# EXERCISE GOAL
Leave out pictures; repeat exactly the lines from the "Foto del edificio - 10422 McClintock Dr" line through the last of the data below.

# DATA FOR PROCESSING

######

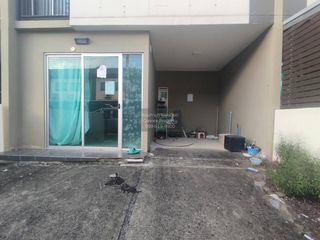 Reihenhaus zum Kauf mit 3 Zimmer in Bang Phli, Samut Prakan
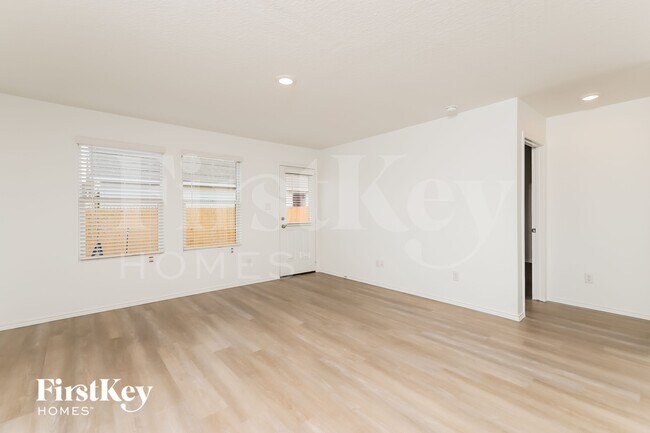 Foto del edificio - 10422 McClintock Dr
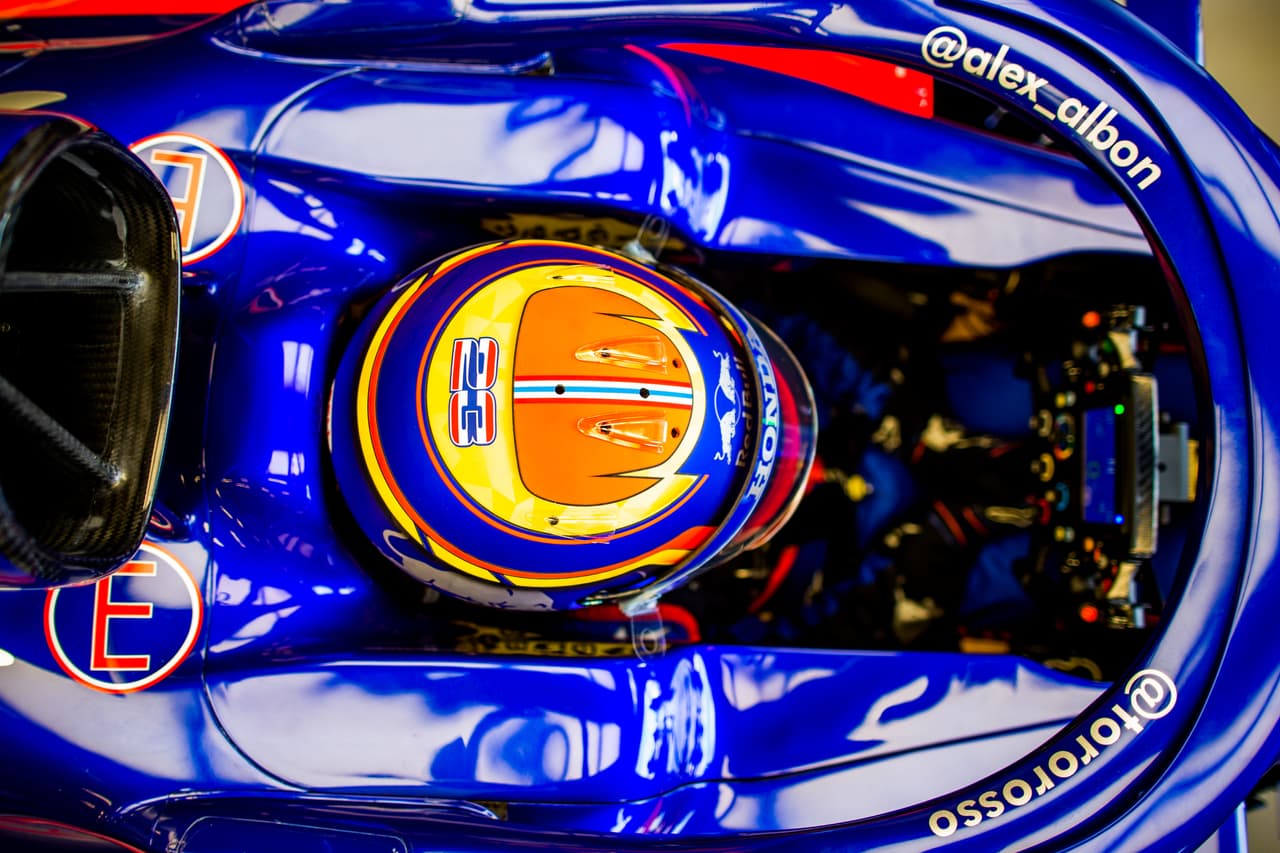 Este viernes se corrieron las dos sesiones de práctica en Melbourne en las que Lewis Hamilton fue el más veloz llegando a hacer la vuelta en 1:22:600. Sebastian Vettel y Valtteri Bottas lo escoltaron cada uno en una de las jornadas. Este sábado en la mañana será la clasificación y el domingo habrá bandera verde.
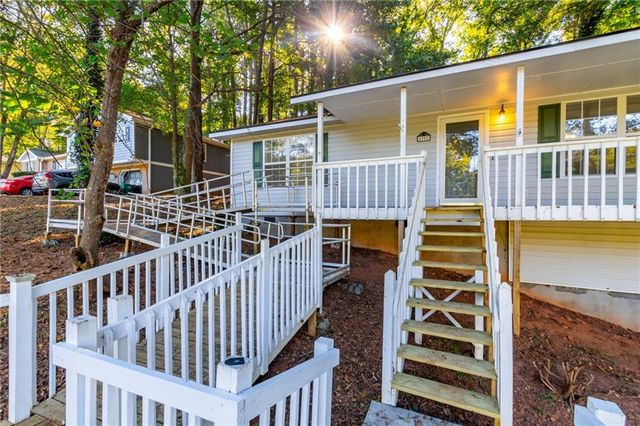 4908 Tarleton SW Drive, Lilburn, GA 30047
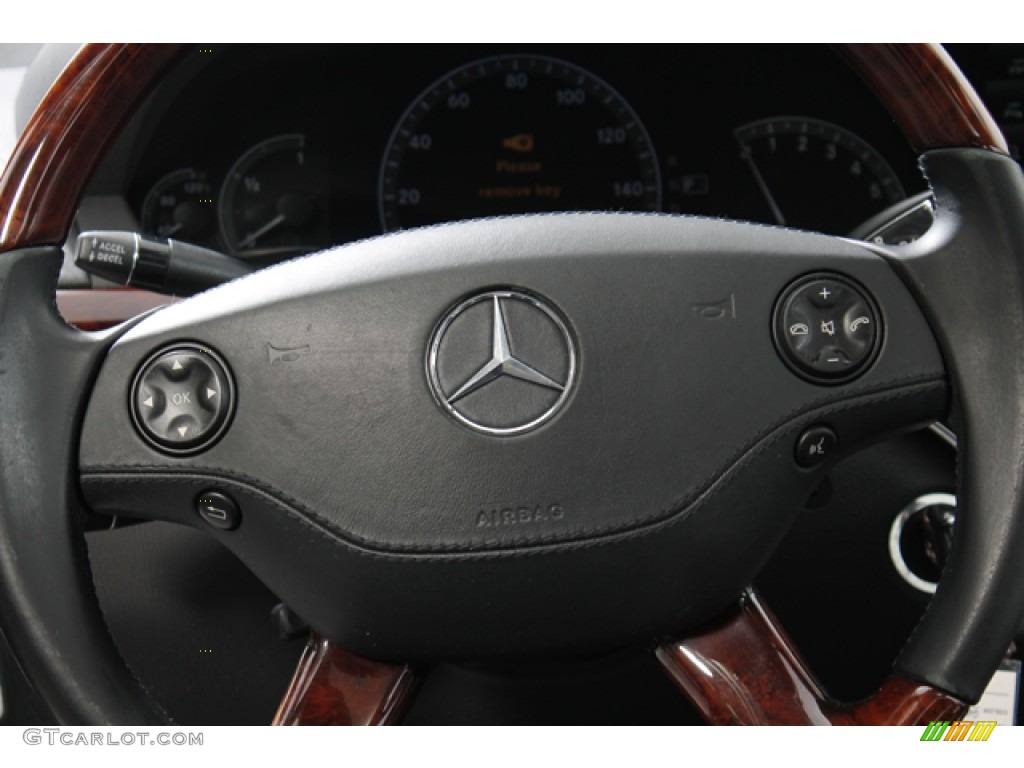 2007 Mercedes-Benz S 550 4Matic Sedan Black Steering Wheel Photo #77584374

######

# ANSWER BELOW
 Foto del edificio - 10422 McClintock Dr
 Este viernes se corrieron las dos sesiones de práctica en Melbourne en las que Lewis Hamilton fue el más veloz llegando a hacer la vuelta en 1:22:600. Sebastian Vettel y Valtteri Bottas lo escoltaron cada uno en una de las jornadas. Este sábado en la mañana será la clasificación y el domingo habrá bandera verde.
 4908 Tarleton SW Drive, Lilburn, GA 30047
 2007 Mercedes-Benz S 550 4Matic Sedan Black Steering Wheel Photo #77584374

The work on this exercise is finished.